Since 2000, Mylar balloons have been the No. 1 cause of outages — 206 of them, accounting for 189 hours of service interruption. Between January 2016 and December 2020, Mylar balloons have been responsible for 36 “momentary outages” — more than any other cause — which last less than 60 seconds.
During the same period, Mylar balloons caused 19 sustained outages, the fourth most common cause behind blown fuses, unknown causes and palm fronds.
Councilman Konstantine Anthony, who requested some weeks ago that a report on Mylar balloons be presented, moved to request that staff members bring back options for an ordinance regulating the items. The motion, which was fully supported by Anthony’s fellow council members, also asked that city representatives continue to advocate regulation by the state and neighboring cities.
Anthony also directed city staff members to model a potential ordinance after the one in Glendale, whose council passed a ban on the sale of Mylar balloons filled with helium or a gas lighter than air in October. Mylar balloons inflated with air can be sold, but must be attached to a decorative structure. Uninflated Mylar balloons can still be sold in Glendale.
“Glendale has really led the charge locally, and Pasadena and Burbank have just continued to watch the issue,” Kramer said.
Councilwoman Sharon Springer said she was surprised the state hadn’t banned the balloons yet, considering California’s longtime difficulties with wildfires, and suggested a regulation could require them to be filled with air, lowering the chance they will float away.
California law has required for decades that metallic balloons be attached to a weight when they’re sold, with violations punishable by fines.
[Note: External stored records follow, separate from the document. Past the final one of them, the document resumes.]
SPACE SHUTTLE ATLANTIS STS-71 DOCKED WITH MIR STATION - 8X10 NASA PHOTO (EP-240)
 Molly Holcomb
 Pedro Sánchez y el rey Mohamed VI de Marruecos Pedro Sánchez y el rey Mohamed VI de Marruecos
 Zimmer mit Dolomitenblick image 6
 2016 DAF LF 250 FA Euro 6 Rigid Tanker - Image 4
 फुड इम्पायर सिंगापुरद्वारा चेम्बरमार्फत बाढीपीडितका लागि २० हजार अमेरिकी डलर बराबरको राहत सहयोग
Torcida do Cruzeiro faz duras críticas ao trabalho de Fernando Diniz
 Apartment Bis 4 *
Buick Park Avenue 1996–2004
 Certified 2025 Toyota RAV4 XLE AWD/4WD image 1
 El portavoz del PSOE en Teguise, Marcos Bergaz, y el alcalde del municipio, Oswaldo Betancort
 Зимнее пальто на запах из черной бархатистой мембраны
But after a “rash of outages” caused by Mylar balloons in 2007, according to a 2008 staff report, the BWP board recommended that the City Council restrict or ban the sale and use of the items in Burbank.
Such a move was then opposed by the Balloon Council, an advocacy group of balloon manufacturers and retailers, and the local Youth Board also expressed concerns that a ban would hinder fundraising efforts that involved selling Mylar balloons.
The City Council decided then to direct the municipal staff to partner with district representatives to advocate a statewide ban on the balloons, but Kramer noted that the California Legislature has been reluctant to enact one. She added that, even if Burbank were to regulate them, Mylar balloons can drift in from other cities and land on municipal power lines, a point Councilman Nick Schultz reiterated.
“I think that we need to act locally because this is another instance where Sacramento hasn’t acted in the way that we need them to,” he said. “So we need to take this step but … I think that success is going to be getting our regional partners on board, because these Mylar balloons can travel.”